2. Airflow on Google Cloud Composer (GCP)
- Infrastructure: Based on GKE (Google Kubernetes Engine) and integrated with Google Cloud services (GCS, BigQuery, Pub/Sub).
- User responsibility: DAG development, connections, quotas.
- Advantages: Native GCP integration, managed scaling.
- Limitations: Cost and vendor lock-in, limited customization compared to self-managed setups.
3. Airflow on Docker Compose
- Infrastructure: Single-node deployment using
docker-compose.yml
. - User responsibility: Run locally or on a VM, manage scaling manually.
- Advantages: Quick setup, great for testing and development.
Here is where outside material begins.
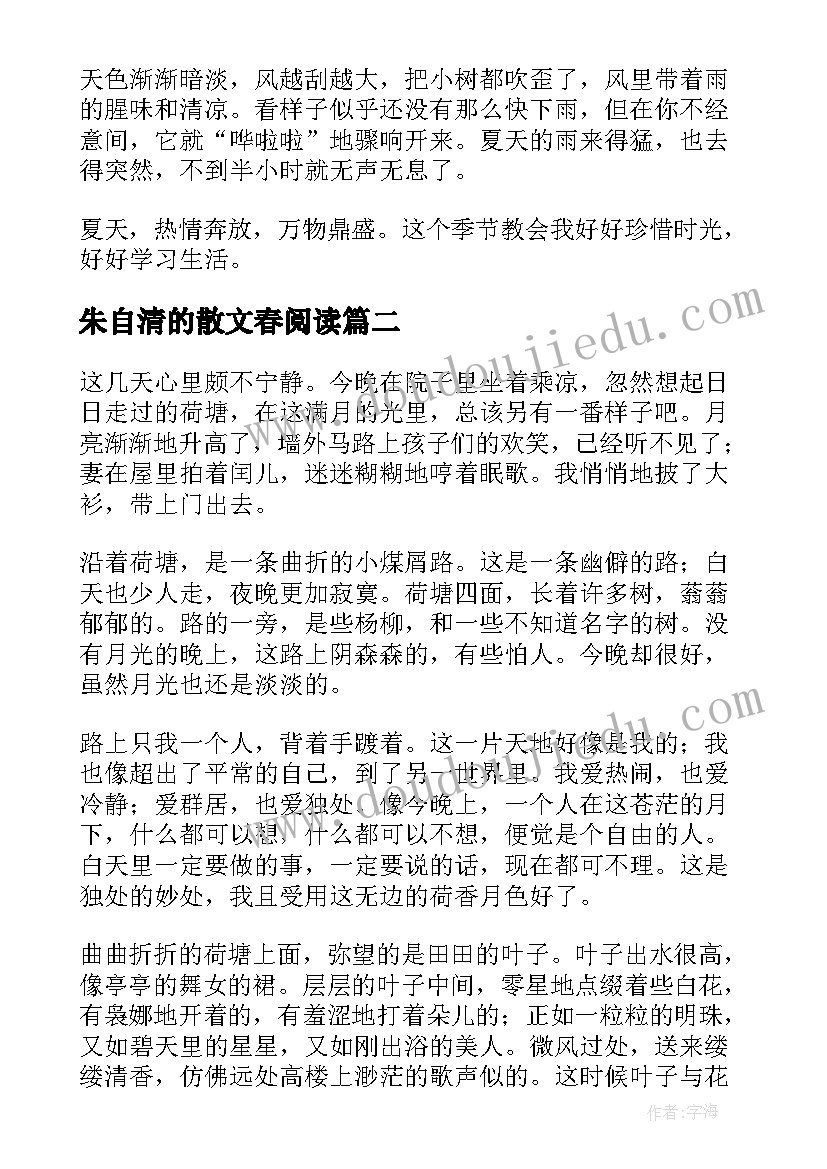 朱自清的散文春阅读(实用8篇)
- Limitations: Not production-ready for large workloads, single-node bottlenecks.
4. Airflow on Kubernetes
- Infrastructure: Deployed on Kubernetes clusters, often with the official Helm chart.
- User responsibility: Manage cluster, scaling, observability, and costs.
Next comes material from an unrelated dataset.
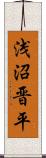 浅沼晋平 Scroll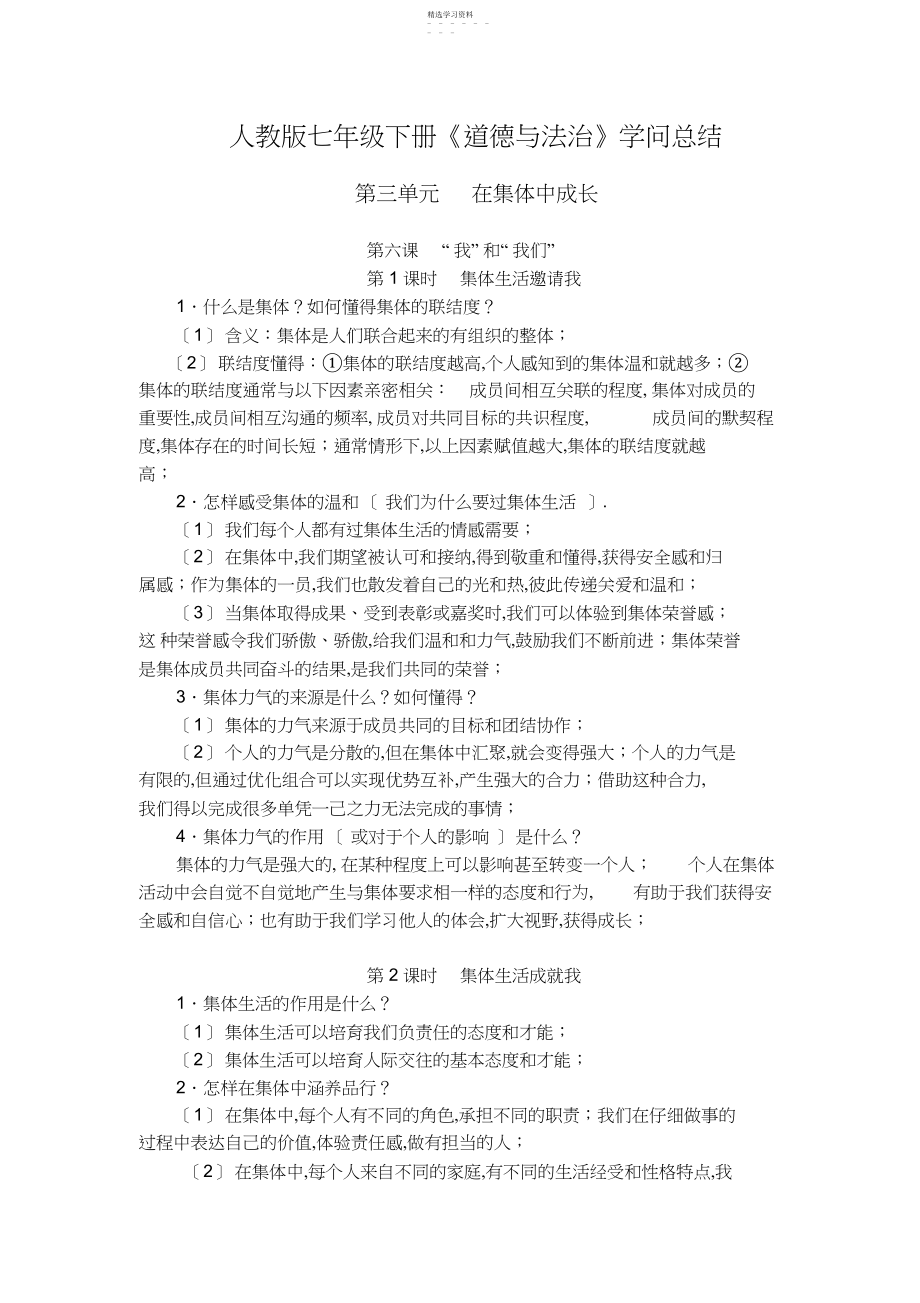 2022年道德与法治七下第三单元知识点归纳.docx_第1页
- Advantages: High scalability, flexible architecture, cloud-agnostic.
- Limitations: Requires Kubernetes expertise, operational overhead.
5. Airflow with Astro CLI
- Infrastructure: Runs locally with Docker Compose under the hood.
- User responsibility: DAG development, packaging, and deployment with Astronomer.
- Advantages: Developer-friendly, abstracts away Compose details, integrates with Astronomer Cloud.
- Limitations: Tied to Astronomer ecosystem if moving beyond local.
Summary Comparison
Environment | Infrastructure | Who Manages Infra? | Best For |
---|---|---|---|
MWAA (AWS) | ECS/Fargate, S3, AWS services | AWS | Production on AWS |
Cloud Composer (GCP) | GKE + GCP services | Production on GCP | |
Docker Compose | Local Docker | You | Development / Testing |
Kubernetes | K8s clusters | You / DevOps | Large-scale production |
Astro CLI | Docker Compose (wrapped) | You locally | Local dev with Astronomer |
Key Takeaways
- Managed services (MWAA, Cloud Composer) are best when you want less operational overhead and deep cloud integration.
- Docker Compose and Astro CLI are excellent for local development and testing.
- Kubernetes provides the most flexibility and scalability, but requires advanced operational maturity.